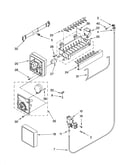 Icemaker parts, optional parts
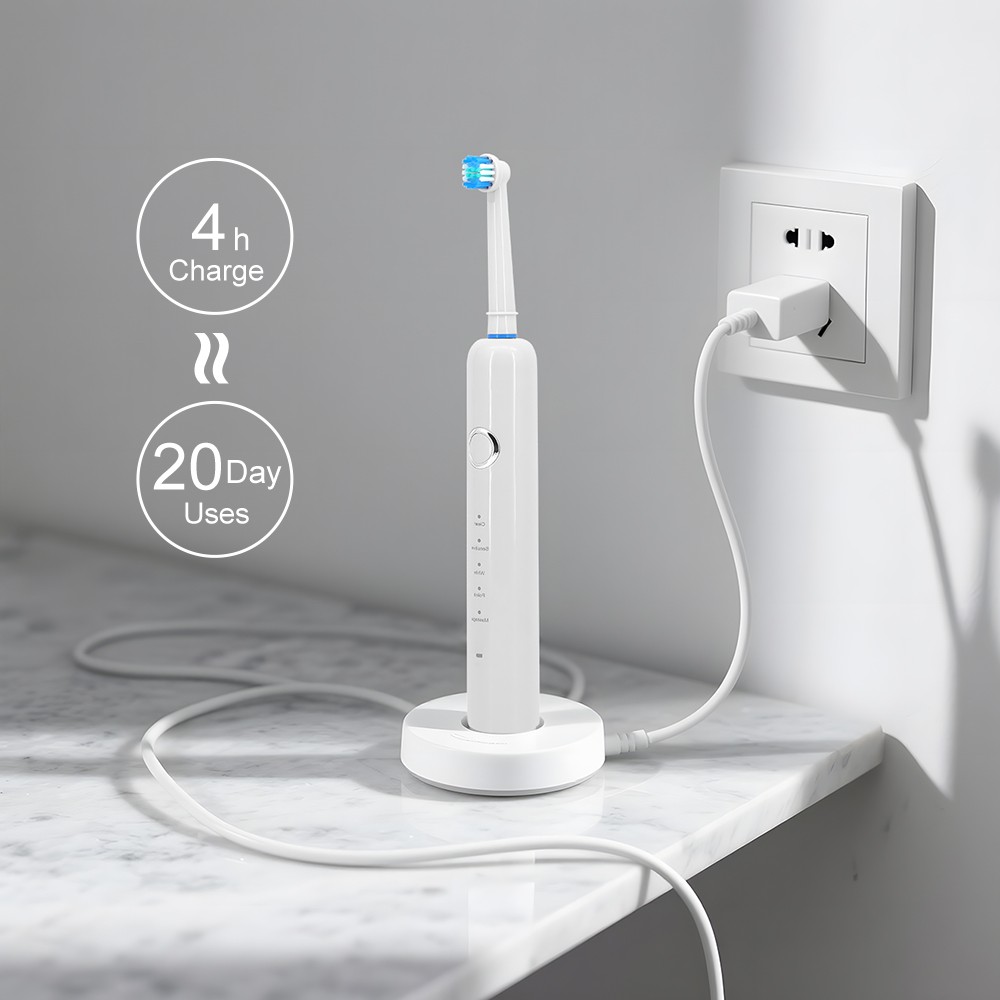 Rotating Toothbrush Oscillating Rechargeable Travel Electric Toothbrush Smart Electrical Brush Tooth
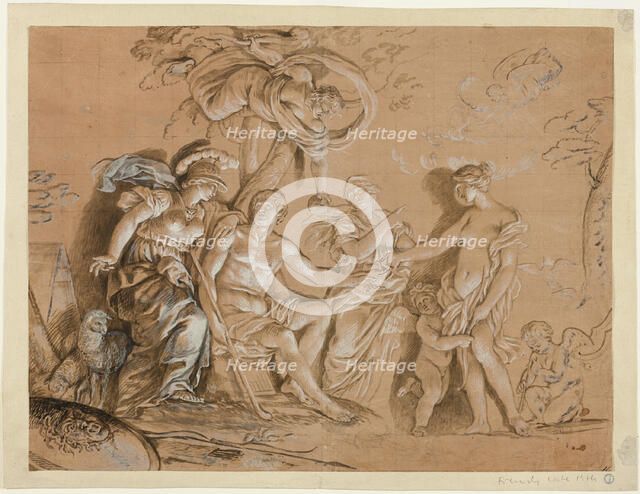 Judgement of Paris, n.d.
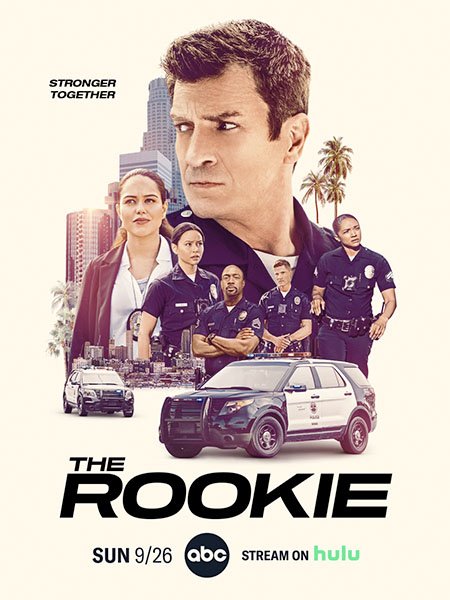 Новобранец / Новичок (4 сезон) / The Rookie (2021) WEB-DLRip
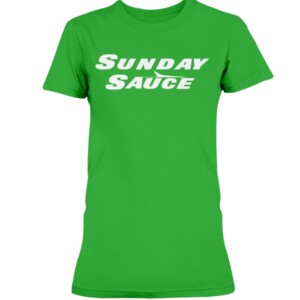 SUNDAY SAUCE 2022 NFL Draft SHIRT Ahmad Gardner, New York Jets 1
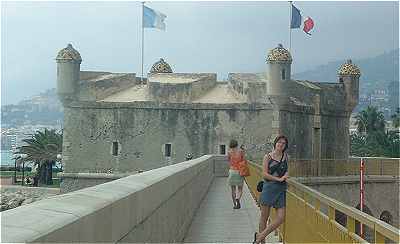 Menton: le Bastion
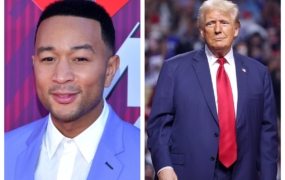 John Legend outlines what Trump has to do to win Nobel Peace Prize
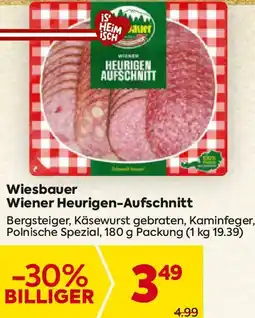 Billa Wiener Heurigen-Aufschnitt Angebot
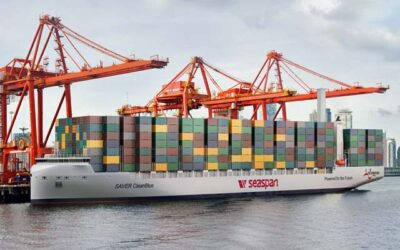 LR AiP FOR SEASPAN’S FUTURE-PROOF FEEDER SHIP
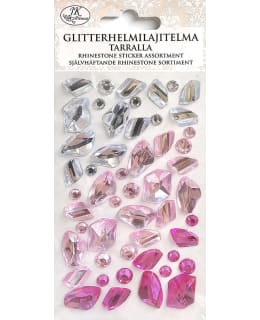 JKP JALOKIVI PINKKI GLITTERHELMITARRA Main Image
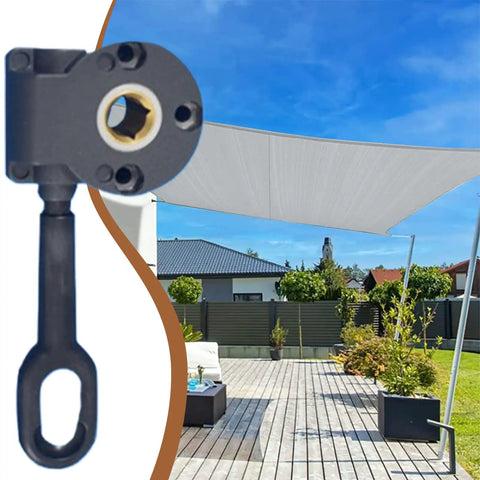 Heavy Duty Aluminum Alloy Awning Mounting Bracket With Copper Core For Tough As Nails All Weather Outdoor Canopies And Balcony Patio Garden Cafe Backyard Deck Porch Terrace Park Setup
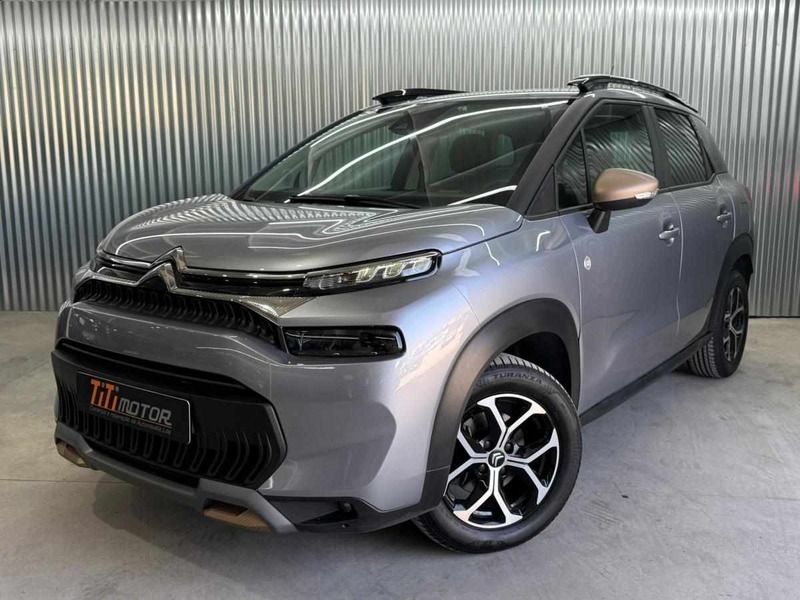 Cinzento Usado 2023 Citroën C3 Aircross PureTech SUV | € 16.950 (Preço justo) - Imagem 1/4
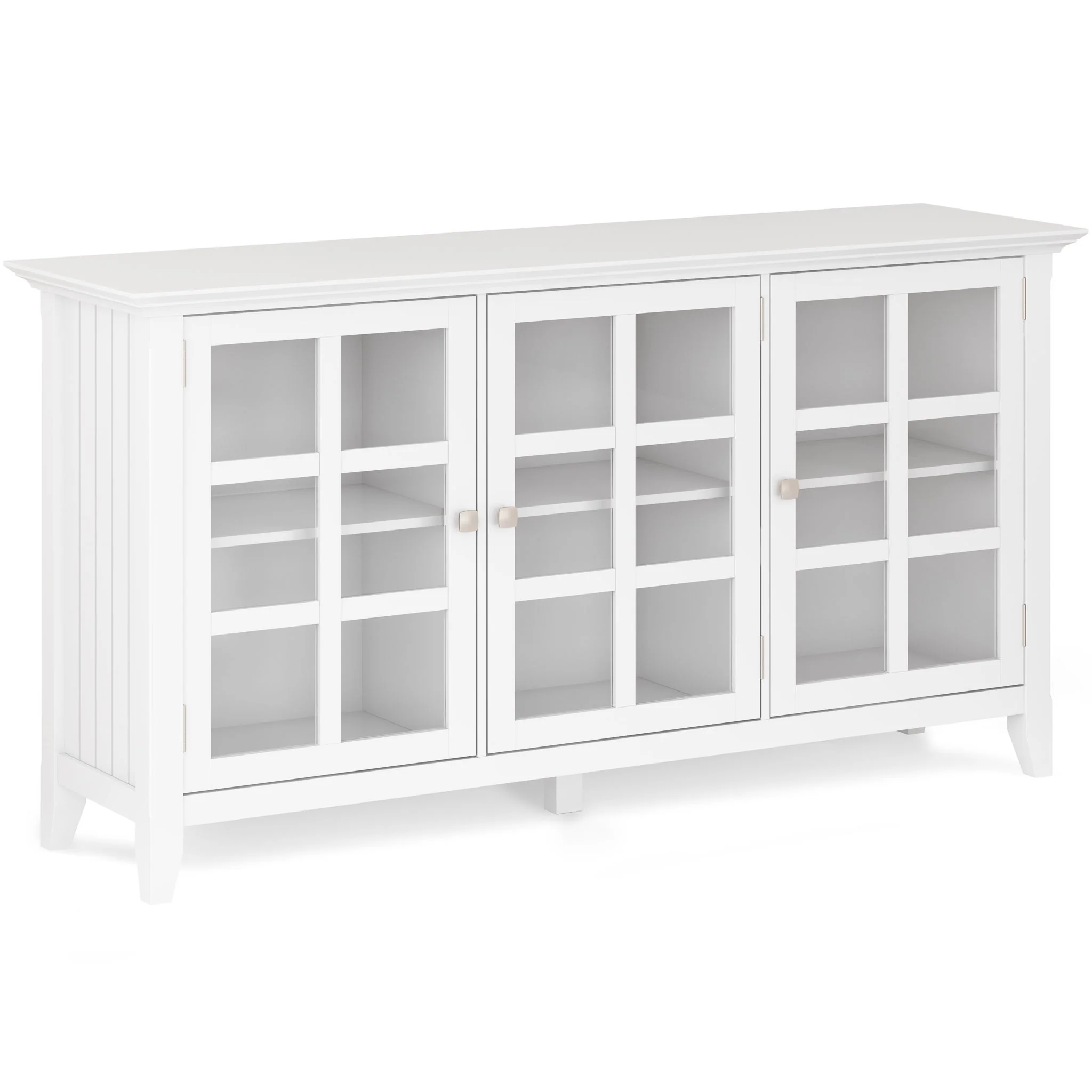 Acadian - Wide Storage Cabinet Handcrafted - Image 16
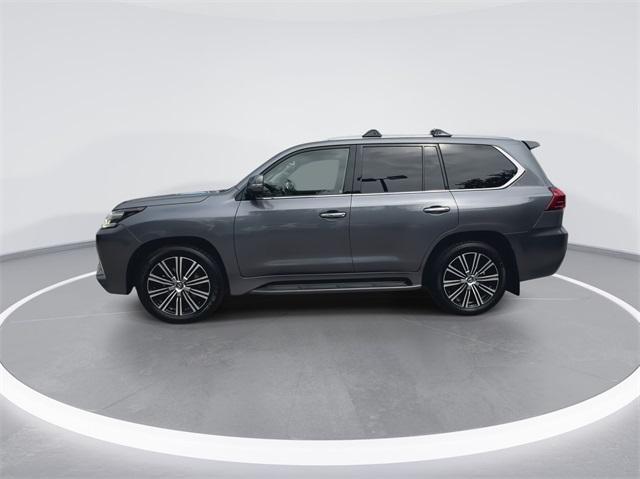 used 2018 Lexus LX 570 car, priced at $54,698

————

▶ TASK DETAILS:
Begin with the line holding "JKP JALOKIVI PINKKI" and end with the last line of the listing. Reproduce each of those lines exactly, and leave every picture out.

▶ YOUR RESPONSE:
 JKP JALOKIVI PINKKI GLITTERHELMITARRA Main Image
 Heavy Duty Aluminum Alloy Awning Mounting Bracket With Copper Core For Tough As Nails All Weather Outdoor Canopies And Balcony Patio Garden Cafe Backyard Deck Porch Terrace Park Setup
 Cinzento Usado 2023 Citroën C3 Aircross PureTech SUV | € 16.950 (Preço justo) - Imagem 1/4
 Acadian - Wide Storage Cabinet Handcrafted - Image 16
 used 2018 Lexus LX 570 car, priced at $54,698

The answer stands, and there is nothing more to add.